Research on machine vision has been in progress for over 25 years, yet practical accomplishments have been modest. To date most installed machine vision systems are relatively simple and involve only simple computer processing. In most cases, only silhouette images are utilized and frequently the illumination is specially structured to reduce burden on the pattern recognition computation. Vision is by far the most powerful and versatile sensing mechanism, and once we achieve machine vision with a capability approaching that of human vision at a competitive cost, the installation of machine vision systems will virtually explode .
To define our research, we started from the following questions:
1. Is it possible to integrate a distributed vision system across the entire production line?
2. What is the solution for real-time analysis of video streams to identify and count different objects?
3. Is such a solution feasible in terms of deployment cost?
Our research is focused on developing a vision system close to the human vision, using video streams and image processing based on a neural network. The vision system should be able to obtain a real-time classification and to count different products from different stages of processing on an assembly line and send the information to a cloud IloT application.
After analysing the technical solutions existing on the market at this moment, we designed the following system, whose diagram is presented in Figure 1. The system is composed by several video cameras placed in different points on the production line. The video signal from all cameras is processed by a video multiplexer, resulting a single video stream with all images combined. This video stream is captured by a video capture board and processed by the classification application running on the vision computer. To obtain real-time classification, we used YOLO9000 , , compiled with CUDA support.

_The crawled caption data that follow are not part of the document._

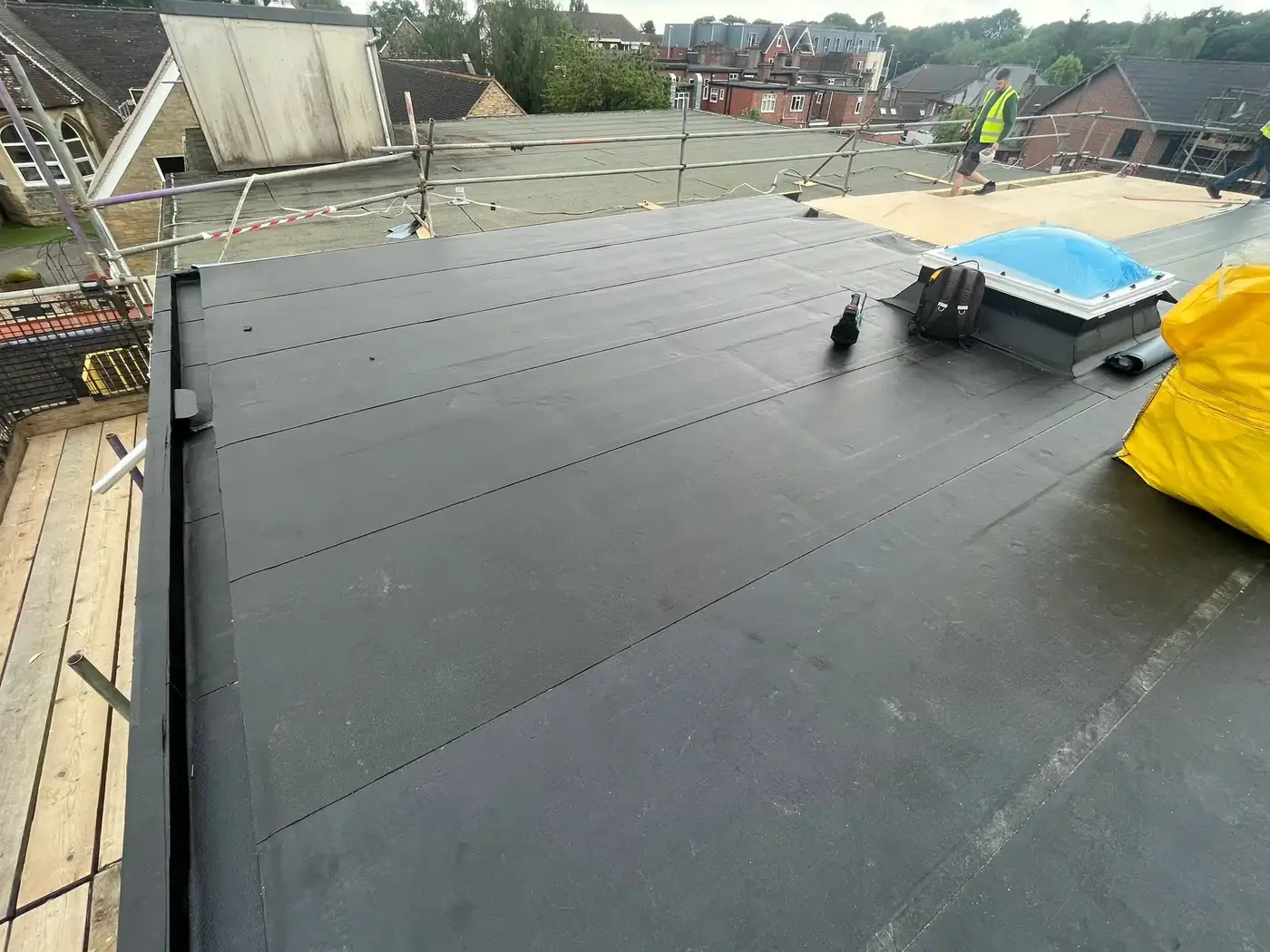 Broadstone First School: completed roof
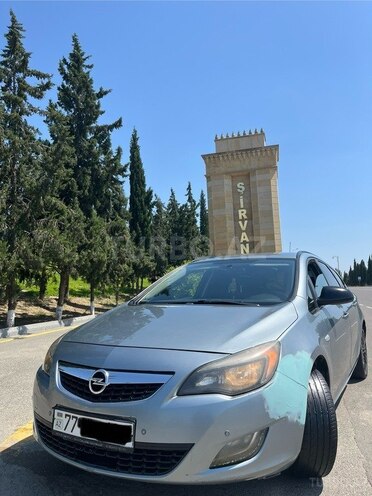 Opel Astra 2012, 256,897 km - 1.4 l - Şirvan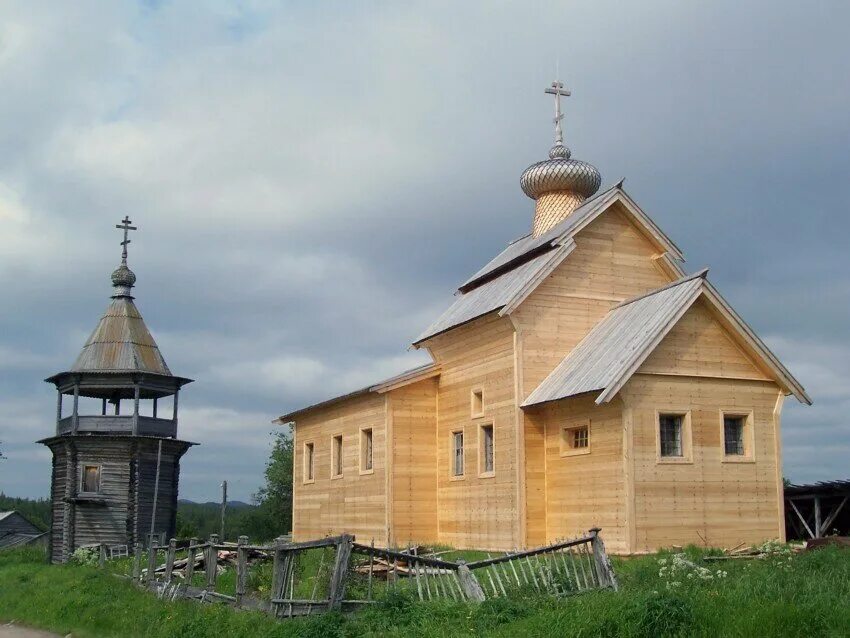 Никольская церковь в ковде. Мурманская область Ковда Никольская Церковь. Никольская Церковь (Ковда). Церковь Николая Чудотворца в Ковде, Мурманская область. Село Ковда Кандалакшский район.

The parallel CUDA architecture, gives extra processing power at a low cost. The processing is done in real time (using 4 Nvidia GeForce Titan X video cards, we could analyse the video stream at 60 frames per second). In the classification process the combined image is augmented and tracked.
The video cameras used in this application are colour SD 4:3 aspect ratio with resolution of 720x576 and with composite video output.
The video multiplexer stitches the images provided by the cameras, side by side, top/bottom in a matrix resulting a single video stream with a higher resolution. The video capture card digitises the video output of the video multiplexer and feed the stream to the application.
The application for classification is based on YOLO9000 , , a convolutional network with anchor boxes which predicts the coordinates of bounding boxes directly using fully connected layers on top of the convolutional feature extractor. YOLO9000 is a real-time framework for detection of more than 9000 object categories by jointly optimizing detection and classification. It uses WordTree (figure 2) to combine data from various sources and a joint optimization technique to train simultaneously on ImageNet and COCO. YOLO9000 is a strong step towards closing the dataset size gap between detection and classification.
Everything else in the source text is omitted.